Sayfa Yükleniyor...
Dopingin tarihi nerede ise insanlık tarihi kadar eskidir. Yapılan bilimsel araştırmalar sonuncunda, M.Ö. 6. Yüzyılda kuvvetin artırılması için hazırlanan bitkisel karışımların, yabani mantarlar ve benzeri bitki ve ot çeşitlerine kadar çok sayıda uyarıcının doping olarak kullanıldığı bilinmektedir. Spor alanlarındaki doping uygulaması, literatüre ilk defa 1889 yılında atlardaki performansı arttırmak için kullanılan ilaç olarak girmiştir.
Günümüzde sporcular performanslarını yükseltmek için vücutlarına uygun olmayan yöntemlerle aldıkları her türlü maddeye doping adı verilmektedir. İnsanoğlunun mutlaka kazanan ekipte yer alma ve hep kazanan olma içgüdüsü maalesef spor dünyasında da kendini göstermektedir. Kazanma hırsları ölçüsüz ve abartılı olarak yükselen, ne pahasına olursa olsun, kazanan olmak isteyen sporcular, doping maddesi olarak sınıflandırılan performans geliştirici ilaçları kullanmaya başlamışlardır.
Doping kısa vadede sporcuyu hedeflediği üst düzey başarıya ulaşma imkanı sunsa da kısa ve uzun vadede sağlığa çeşitli zararlar vermekte ve hatta öldürücü etkileri de bulunmaktadır. Bu konuda en ürkütücü olan nokta ise, doping olarak kullanılan maddelerin yakın ve uzak dönemlerdeki olası zararlarının bazıları henüz daha tespit edilememiş olmasıdır. Spor dünyasında kullanımı son yıllarda artan en yaygın doping türleri arasında EPO (Erythropoietin), kan dopingi, büyüme hormonları, anabolik stereoidler, dopingi gizlemeyi sağlayan diüretikler, narkotik analjezikler gen dopingi ve benzerleri yöntemler bulunmaktadır.

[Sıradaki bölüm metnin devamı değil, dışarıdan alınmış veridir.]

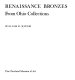 Renaissance bronzes from Ohio collections : [exhibition] /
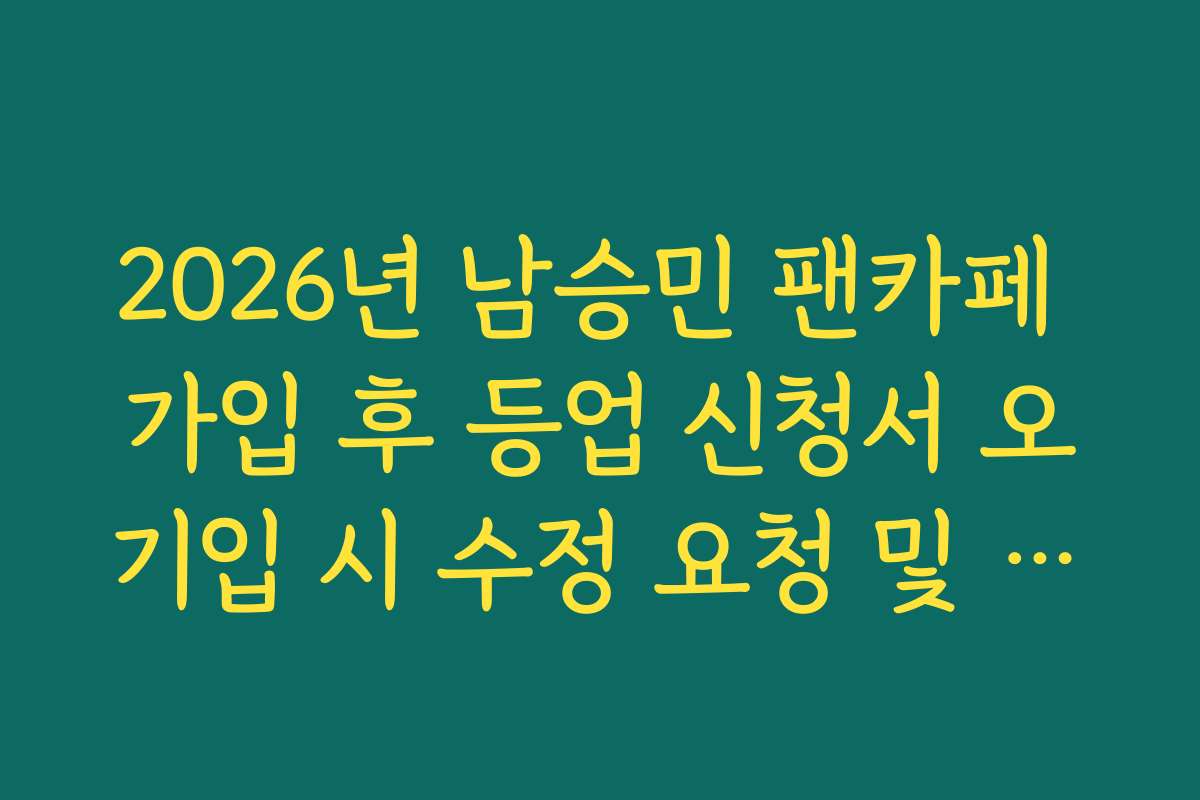 2026년 남승민 팬카페 가입 후 등업 신청서 오기입 시 수정 요청 및 재등록 가이드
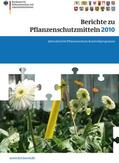 Dombrowski |  Berichte zu Pflanzenschutzmitteln 2010 | Buch |  Sack Fachmedien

Sporda amatör ruhun yerini profesyonelleşmeye terk etmesi, yarışmaların sıklaşması, sporcuların profesyonelleşmesi, sık ve ağır antrenman programları, sportif anlamda elde edilen başarıların maddi olarak ödüllendirilme uygulamaları ve bireysel ya da ulusal prestijlerin ön plana taşınması nedeniyle doping kullanımında, son yıllarda maalesef önemli bir artış gözlemlenmektedir.

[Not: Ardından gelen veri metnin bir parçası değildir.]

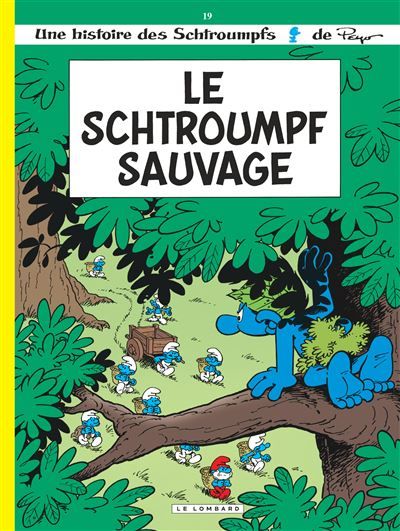 Les Schtroumpfs Lombard - Tome 19 - Le Schtroumpf sauvage - Tome 19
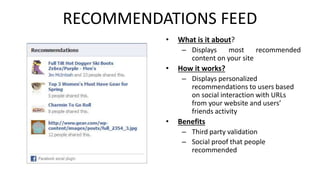 RECOMMENDATIONS FEED 
• What is it about? 
– Displays most recommended 
content on your site 
• How it works? 
– Displays personalized 
recommendations to users based 
on social interaction with URLs 
from your website and users’ 
friends activity 
• Benefits 
– Third party validation 
– Social proof that people 
recommended 
 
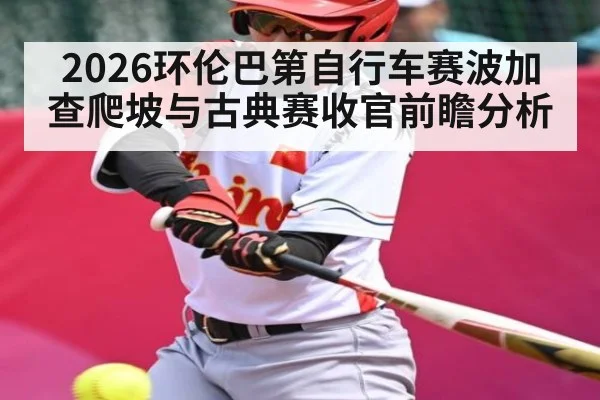 2026环伦巴第自行车赛波加查爬坡与古典赛收官前瞻分析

Sağlık adına görülen ciddi sakıncalarının yanı sıra, doping kullanımı ahlak ve etik açısından spor dünyasında da şiddetli tartışmalara neden olmaktadır. Doping kullanımının sporda eşitlik ve dürüst rekabet ilkesine ters düştüğü göz önünde bulundurulduğunda, doping kullanımının caydırılması ve engellenmesi için çeşitli önlemler planlanmaktadır. Dünya genelinde bu yönde bilinçlendirme çalışmalarıyla birlikte, ulusal ve uluslararası yarışmalarda doping kontrolleri sıklaştırılmaya özen gösterilmektedir.
Sporda “Fair play” olgusunun egemen olması gerekliliğinden yola çıkıldığında, her türlü sportif faaliyetin dürüst oyun ve sportif davranış kuralları içinde var olması gereklidir. Fair play ancak, oyun içindeki tüm kuralların centilmenlik, dürüstlük ve saygı ile uygulanmasıyla, tam anlamıyla gerçekleştirebilir. Bu nedenlerden dolayı, hem sporcu sağlığının korunması hem de sporun belli başlı hedefleri olan, sevgi, dostluk, kardeşlik kavramların geliştirilmesi adına tüm dünyada dopingle mücadeleye önem verilmesi kaçınılmazdır.